■ **EXERCISE DIRECTIONS**
Although the data below contains pictures, output only the lines between those holding "2025 GMC Savana 3500 LS" and "Groves House |", inclusive, exactly and without those pictures.

■ **DATA FOR PROCESSING**
──────────────────────────────

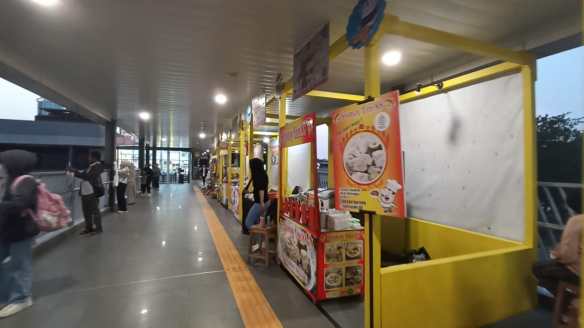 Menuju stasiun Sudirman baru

──────────────────────────────

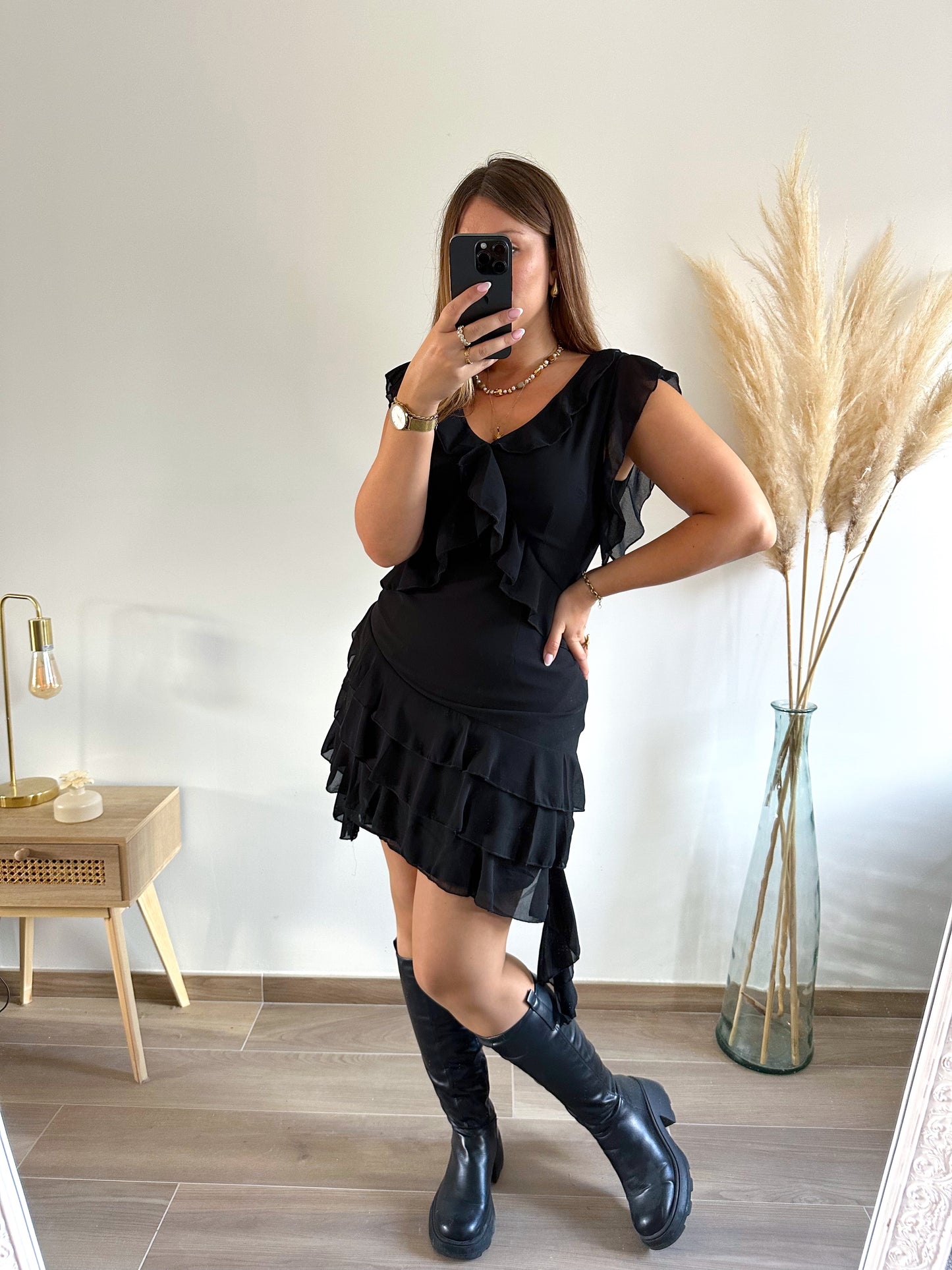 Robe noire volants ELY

──────────────────────────────

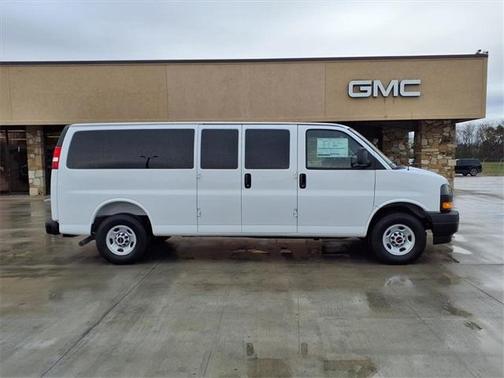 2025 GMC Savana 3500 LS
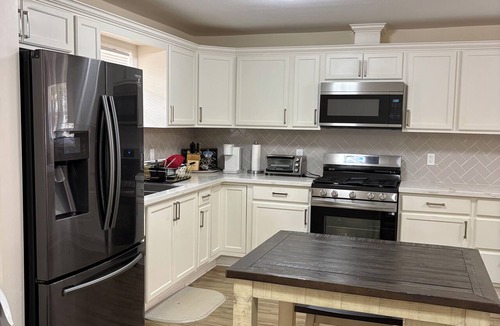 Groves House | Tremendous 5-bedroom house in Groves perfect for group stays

──────────────────────────────

■ **SOLUTION TO THIS TASK**
 2025 GMC Savana 3500 LS
 Groves House | Tremendous 5-bedroom house in Groves perfect for group stays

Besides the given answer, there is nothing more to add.